[INFORMATION Boundary: Start]

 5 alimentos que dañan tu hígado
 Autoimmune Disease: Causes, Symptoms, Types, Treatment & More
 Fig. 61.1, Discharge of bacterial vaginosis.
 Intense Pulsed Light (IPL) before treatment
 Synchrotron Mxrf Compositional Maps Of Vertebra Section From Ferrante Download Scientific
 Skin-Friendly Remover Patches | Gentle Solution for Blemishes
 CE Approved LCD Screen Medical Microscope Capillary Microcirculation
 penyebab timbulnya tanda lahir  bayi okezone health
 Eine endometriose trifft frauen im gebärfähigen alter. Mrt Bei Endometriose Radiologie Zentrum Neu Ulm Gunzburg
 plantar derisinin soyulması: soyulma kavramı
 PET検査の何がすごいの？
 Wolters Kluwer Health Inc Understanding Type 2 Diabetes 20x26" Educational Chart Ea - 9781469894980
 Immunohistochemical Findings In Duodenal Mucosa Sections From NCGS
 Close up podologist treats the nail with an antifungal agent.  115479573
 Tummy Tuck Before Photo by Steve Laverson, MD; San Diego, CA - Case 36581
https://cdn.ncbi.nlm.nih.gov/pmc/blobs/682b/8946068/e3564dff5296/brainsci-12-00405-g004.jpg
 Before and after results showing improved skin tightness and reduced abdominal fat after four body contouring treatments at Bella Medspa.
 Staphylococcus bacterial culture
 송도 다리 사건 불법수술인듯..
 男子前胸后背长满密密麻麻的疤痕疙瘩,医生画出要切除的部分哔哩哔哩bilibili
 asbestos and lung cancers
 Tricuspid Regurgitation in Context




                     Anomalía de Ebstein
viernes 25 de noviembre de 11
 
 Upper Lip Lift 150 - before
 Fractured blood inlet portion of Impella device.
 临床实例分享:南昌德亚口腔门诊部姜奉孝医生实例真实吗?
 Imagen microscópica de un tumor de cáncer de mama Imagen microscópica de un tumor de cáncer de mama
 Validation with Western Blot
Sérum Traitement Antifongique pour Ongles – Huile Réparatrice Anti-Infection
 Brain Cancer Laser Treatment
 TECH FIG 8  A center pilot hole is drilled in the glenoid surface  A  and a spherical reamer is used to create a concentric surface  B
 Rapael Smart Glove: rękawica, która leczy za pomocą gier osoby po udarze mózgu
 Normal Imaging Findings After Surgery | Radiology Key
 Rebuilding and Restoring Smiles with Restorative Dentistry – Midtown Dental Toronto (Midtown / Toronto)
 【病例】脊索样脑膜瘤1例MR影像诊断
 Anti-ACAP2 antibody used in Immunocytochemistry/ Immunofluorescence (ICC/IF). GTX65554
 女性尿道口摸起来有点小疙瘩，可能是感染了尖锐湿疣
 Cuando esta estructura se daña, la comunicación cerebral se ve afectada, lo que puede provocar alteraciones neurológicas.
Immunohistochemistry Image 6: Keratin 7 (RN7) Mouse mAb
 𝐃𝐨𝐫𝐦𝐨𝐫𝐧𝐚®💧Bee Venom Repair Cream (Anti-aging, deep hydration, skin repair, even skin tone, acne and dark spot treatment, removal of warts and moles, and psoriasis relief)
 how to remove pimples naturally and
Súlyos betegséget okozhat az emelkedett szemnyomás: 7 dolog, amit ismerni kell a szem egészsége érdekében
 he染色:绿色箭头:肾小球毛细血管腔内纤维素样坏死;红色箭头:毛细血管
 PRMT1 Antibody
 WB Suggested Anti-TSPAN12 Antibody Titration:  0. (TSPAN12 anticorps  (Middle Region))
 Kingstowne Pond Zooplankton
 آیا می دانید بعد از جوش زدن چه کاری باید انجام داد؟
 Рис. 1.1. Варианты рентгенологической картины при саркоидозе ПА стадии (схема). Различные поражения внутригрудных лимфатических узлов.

[INFORMATION Boundary: End]

- [WORK INSTRUCTIONS]
Write out exactly the lines of the entries above that run from the line containing "WB Suggested Anti-TSPAN12" through the last line, including both.

- [RESPONSE]
 WB Suggested Anti-TSPAN12 Antibody Titration:  0. (TSPAN12 anticorps  (Middle Region))
 Kingstowne Pond Zooplankton
 آیا می دانید بعد از جوش زدن چه کاری باید انجام داد؟
 Рис. 1.1. Варианты рентгенологической картины при саркоидозе ПА стадии (схема). Различные поражения внутригрудных лимфатических узлов.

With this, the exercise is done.